Aim of the task —
Retype exactly the lines from the one containing "Hello guys and" through the last line of the records below, including both, and leave out any pictures.

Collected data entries
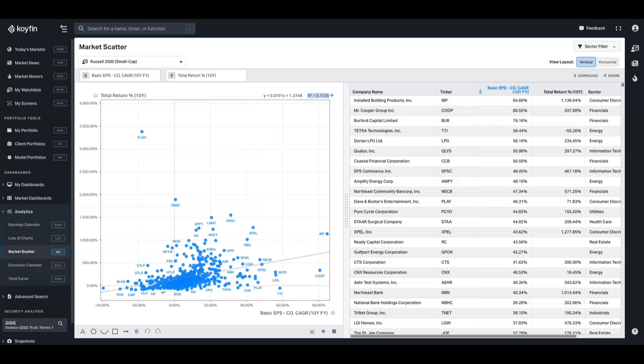So that does it for this video. Just wanted to show you that we now have linear regression and maybe give you a bit of context as to why that might be useful. As always, if you have anything to say, you can drop it in the comment section below. Our help desk is help@koifin.com. We are at koifin charts across all of our socials. Until next time, thank you.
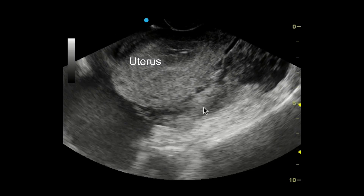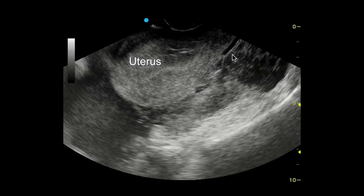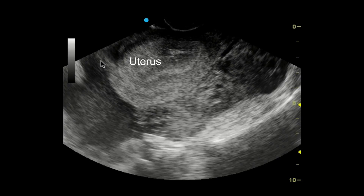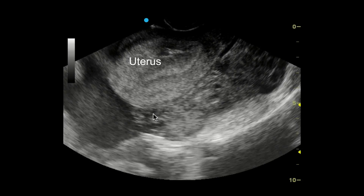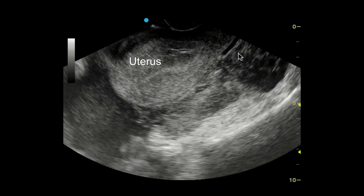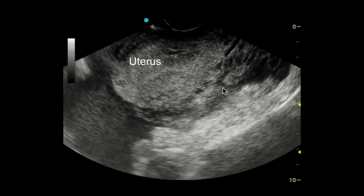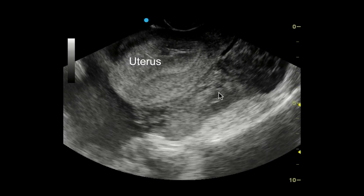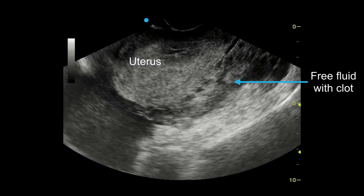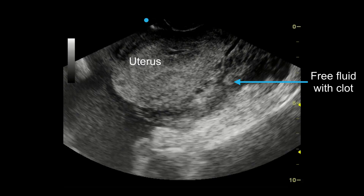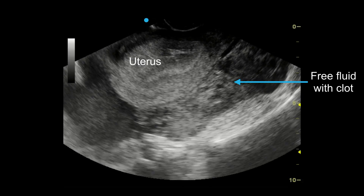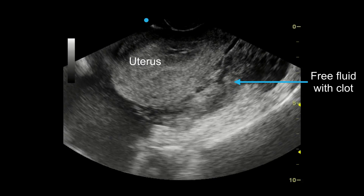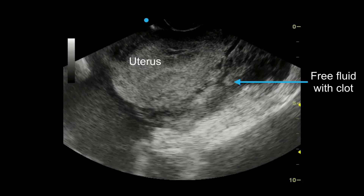How about this image? Once again, we're looking at a short axis view of your uterus. And surrounding your uterus, you'll notice anechoic material with some hyperechoic material within it. This is actually free fluid around your uterus with hyperechoic clots. This is a very concerning finding for a ruptured ectopic pregnancy.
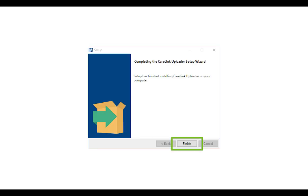When the installation has completed, select Finish. See our additional instructions on how to upload and review your reports.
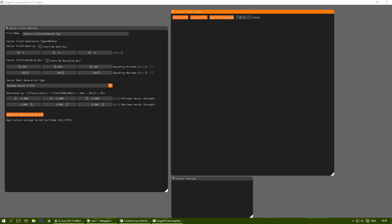Hello everyone. A buddy of mine, better known as JengaFX in the community, is working on a vector field program. It's still in very much alpha development, as you can see, version 0.13 alpha. But let me just go through it and explain it a little bit.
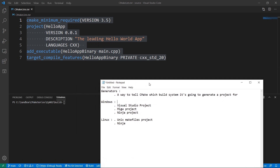Hello guys and welcome to this new video. In this one we're going to be learning about CMake generators. Before we do that, what is a generator? A generator is a way to tell CMake which build system it's going to use to generate a project.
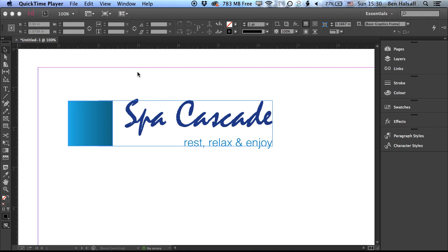Hi there. So today we're going to have a look at two ways of getting a PNG with a transparent background out of InDesign.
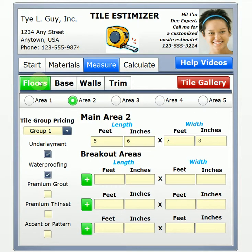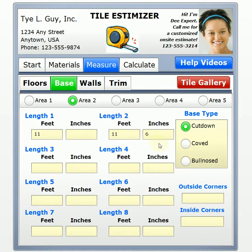So 14'6" minus 3 is 11'6". We're not going to go into coved and bullnosed in this training — that will be part of the tile components training.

Expected answer —
Hello guys and welcome to this new video. In this one we're going to be learning about CMake generators. Before we do that, what is a generator? A generator is a way to tell CMake which build system it's going to use to generate a project.
Hi there. So today we're going to have a look at two ways of getting a PNG with a transparent background out of InDesign.
So 14'6" minus 3 is 11'6". We're not going to go into coved and bullnosed in this training — that will be part of the tile components training.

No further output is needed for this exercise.